Pasaron unos años, la olvidé y Cristo no me habló mucho más... Y un día, en un aeropuerto, estaba pasando mis días "disfrutando de la vida" o, mejor dicho, desperdiciándola. Entonces conocí a un religioso que, mirándome a los ojos, me dijo, "voy a rezar a la Virgen María por ti". Así que lo reté diciendo: "No te lo he pedido, ¿por qué me dices eso? ¡No necesito tus oraciones!”. Entonces me fui y, unas semanas después, pensé en esa frase, “voy a rezar a la Virgen María por ti”. Decidí ir por la carretera de Compostela (España) a buscar… ¿A buscar qué? Sin duda, a buscar un sentido para mi existencia, encontrando sabor, en medio de esta sociedad donde siempre me he sentido diferente, inadaptado...
En el camino no encontré las respuestas a las llamadas preguntas "existenciales". Después de caminar hacia Pamplona, me dije, "no tengo que ir a Santiago, hay alguien esperándome en Lourdes”. Entonces, tomé el camino en sentido contrario y subí a Lourdes. Allí encontré a la Virgen María. Me recordó que “el Señor ha hecho maravillas en mí”. Es gracias a su amor que hoy elijo ser católico.

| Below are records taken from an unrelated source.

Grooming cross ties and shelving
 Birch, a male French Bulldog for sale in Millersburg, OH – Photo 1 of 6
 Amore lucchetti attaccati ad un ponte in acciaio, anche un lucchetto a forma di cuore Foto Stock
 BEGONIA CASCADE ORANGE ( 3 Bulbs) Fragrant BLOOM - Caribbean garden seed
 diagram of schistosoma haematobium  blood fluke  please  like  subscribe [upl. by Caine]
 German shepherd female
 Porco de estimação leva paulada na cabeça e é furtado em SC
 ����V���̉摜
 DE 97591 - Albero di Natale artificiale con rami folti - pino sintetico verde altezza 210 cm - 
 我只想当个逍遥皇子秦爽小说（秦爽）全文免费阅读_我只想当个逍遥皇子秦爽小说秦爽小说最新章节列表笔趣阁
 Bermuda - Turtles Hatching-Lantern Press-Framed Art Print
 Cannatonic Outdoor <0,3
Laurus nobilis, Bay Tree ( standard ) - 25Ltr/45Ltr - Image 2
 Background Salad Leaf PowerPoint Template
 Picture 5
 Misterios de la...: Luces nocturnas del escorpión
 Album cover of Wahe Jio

A veces resulta que estoy “en huelga” con Cristo, así que hablo con María y sin duda ella habla con Dios. Solo quisiera decirles a todos aquellos que necesitan ser consolados, a aquellos que están heridos, aislados, a todos los no amados de este mundo: sepan que en algún lugar alguien los espera, en algún lugar la Virgen María, Madre de Dios, Madre de los pobres, los acogerá y nunca los abandonará.
S.M.
Testimonio enviado a Marie de Nazareth, después de un Congreso Misión, septiembre de 2020.